On Sat, Apr 25, 2015 at 05:38:58PM -0700, Danny Yoo wrote:
> On Sat, Apr 25, 2015 at 4:38 PM, Jim Mooney <cybervigilante at gmail.com> wrote:
> > I'm curious why, when I read and decode a binary file from the net in one
> > fell swoop, the REPL prints it between parentheses, line by line but with
> > no commas, like a defective tuple.
> 
> 
> The REPL is trying to be nice here.  What you're seeing is a
> representation that's using a little-known Python syntactic feature:
> string literals can be spread across lines.  See:
> 
>     https://docs.python.org/2/reference/lexical_analysis.html#string-literal-concatenation
> 
> At the program's parse time, the Python compiler will join adjacent
> string literals automatically.

It's not specifically across lines. Any two adjacent string literals 
will be concatenated, even if they have different string delimiters:

    '"You can' "'t do that!" '" he said.'

is arguable somewhat nicer than either of these alternatives:

    '"You can\'t do that!" he said.'
    "\"You can't do that!\" he said."


(Well, to be completely honest, I don't that *any* of the solutions to 
the problem of using both sorts of quotation marks in the same string is 
nice, but its good to have options.)

Where automatic concatenation of string literals really comes into 
its own is when you have a long template string or error message, for 
example, which won't fit on a single line:

    message = "Doh, a deer, a female deer; Ray, a drop of golden sun; 
Me, a name I call myself; Far, a long long way to run; So, a needle 
pulling thread; La, a note to follow So; Tea, a drink with jam and 
bread."


We could use a triple quoted string:

    message = """Doh, a deer, a female deer;
                 Ray, a drop of golden sun;
                 Me, a name I call myself;
                 Far, a long long way to run;
                 So, a needle pulling thread;
                 La, a note to follow So;
                 Tea, a drink with jam and bread."""
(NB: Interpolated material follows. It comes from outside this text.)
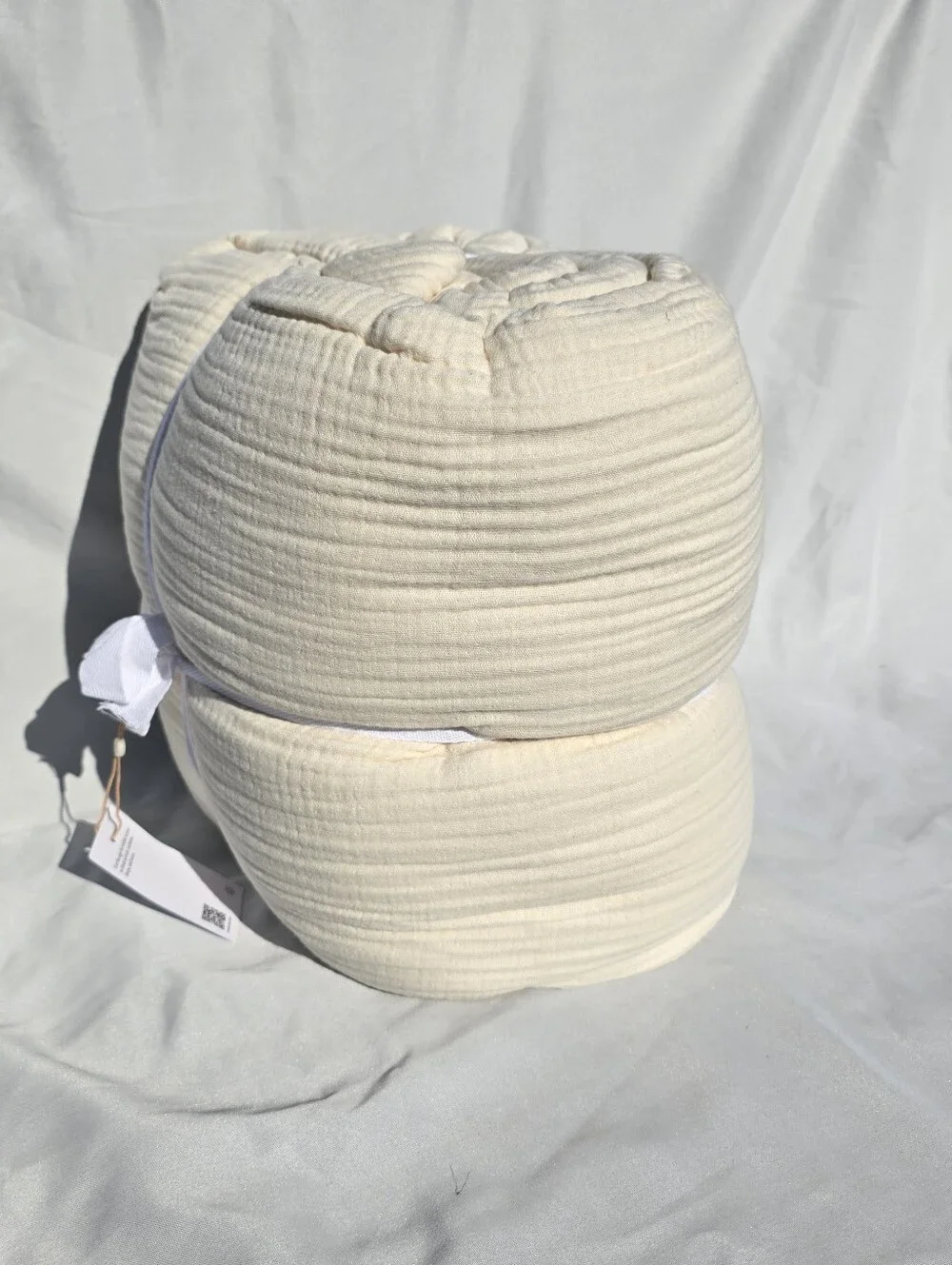 Quince Organic Cotton Airy Gauze DUVET COVER SET King/Cal King Undyed 2 Shams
But that not only includes line breaks, but the second line onwards is 
indented. We can break it up into substrings, and using a surrounding 
pair of round brackets to continue the expression over multiple lines, 
we can then use explicit concatenation:

    message = ("Doh, a deer, a female deer;" +
               " Ray, a drop of golden sun;" + 
               " Me, a name I call myself;" +
               " Far, a long long way to run;" +
               " So, a needle pulling thread;" +
               " La, a note to follow So;" +
               " Tea, a drink with jam and bread."
               )

but that has the disadvantage that the concatenation may be performed at 
runtime. (In fact, recent versions of CPython will do that at compile 
time, but it is not guaranteed by the language. Past versions did not; 
future versions may not, and other implementations like PyPy, 
IronPython, Jython and others may not either.)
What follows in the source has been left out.